Flat hunting in a strange city, in the rain, with a head cold, is not a joyous task. Though I’ve moved across countries and continents solo often enough it shouldn’t bother me, I never get used to the initial sense of aloneness. Apropos that in this condition I read the Mental Health Foundation finding that 53% of 18-34 year-olds have felt depressed because they feel alone. My first thought is: Me too. Self-dramatisation aside, there is a big difference between being alone and being lonely. What part does media play in causing people to experience aloneness as loneliness?
The cheap, glossy magazines lying next to me are part of the answer; as are the hours I spent on Facebook this morning; and the propensity of the kids in my hostel to huddle behind their laptops watching films. When we are alone or in an unfamiliar setting media entertains us, comforts us, gives us a sense of purpose, or at least helps kill time. This is great, as long as our flirtation with social networking and heat is placed in the context of meaningful interpersonal relationships. Unfortunately, the longer we are alone the more time we spend immersed in media, and the more warped our perception of ‘normal’ becomes. The longer we gaze at airbrushed celebrities, or absorb the sitcom notion that every crisis can be resolved in 30 minutes, the more hopeless and chaotic our lives look by comparison.

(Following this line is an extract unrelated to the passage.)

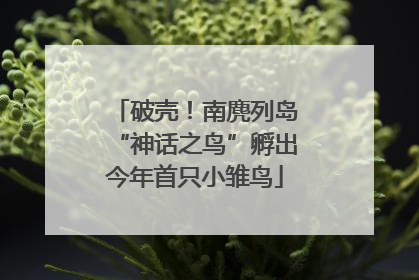 破壳！南麂列岛“神话之鸟”孵出今年首只小雏鸟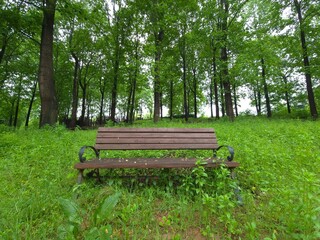 a wooden chair in a deep forest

An example: the Sun recently praised Cheryl Cole for trying to “rush through a quickie divorce because she is determined [Ashley] must go into the World Cup without being distracted by “emotional turmoil”’ Props to Cheryl for her attempted magnanimity, but does anyone with the slightest grip on reality believe that divorce is an emotional cold sore that can healed and be forgotten in days? Or take Polly Vernon in Grazia on Charlotte Church and Gavin Henson’s break-up: “While I feel ghastly for Charlotte Church… I can’t help but notice she’s looking fantastically hot. Slimmer, yup… But she’s also way better dressed.” Though Vernon at least pays lip service to the notion that ending a long-term relationship with the father of your two children must be awful (“that pain, people!”) her glee over Charlotte’s style (“I wholly covet the mid-heel studded suede booties in which she was papped, post-split”) suggests that good shoes make up for major emotional trauma.
The media, perforce, truncates. It is not designed to communicate the weeks, months, or years of heartache, tears, arguments, recriminations, forgiveness, vacillation, doubt, frustration, anger, humiliation, denial and resignation that are surely the constituent parts of a marriage break-up, so it skips from the wedding to the requisite “I Will Survive” interview given by the smiling divorcee. If it is frivolous, it is not entirely to blame; human emotions and relationships are too complex and varied to be authentically reproduced in two dimensions. Nevertheless, it bears some responsibility for reducing the parts of life that matter most to ellipses between the ‘before-and-after’ photos. And it is definitely culpable for suggesting, through advertising, that life is perfectible with the click of a mouse, or three easy payments of £19.99 (plus P&P).
Is it any wonder that, faced with endless images of perfection and exhortations to shop our way to happiness, solitude takes on a threatening hue, and the longer we spend gawping at TV the worse we feel? Without the counterbalance of real, satisfying, challenging, meaningful human relationships we risk falling prey to the lurid fiction of a world where troublesome conversations disappear in a mouse click and emoticons replace emotions.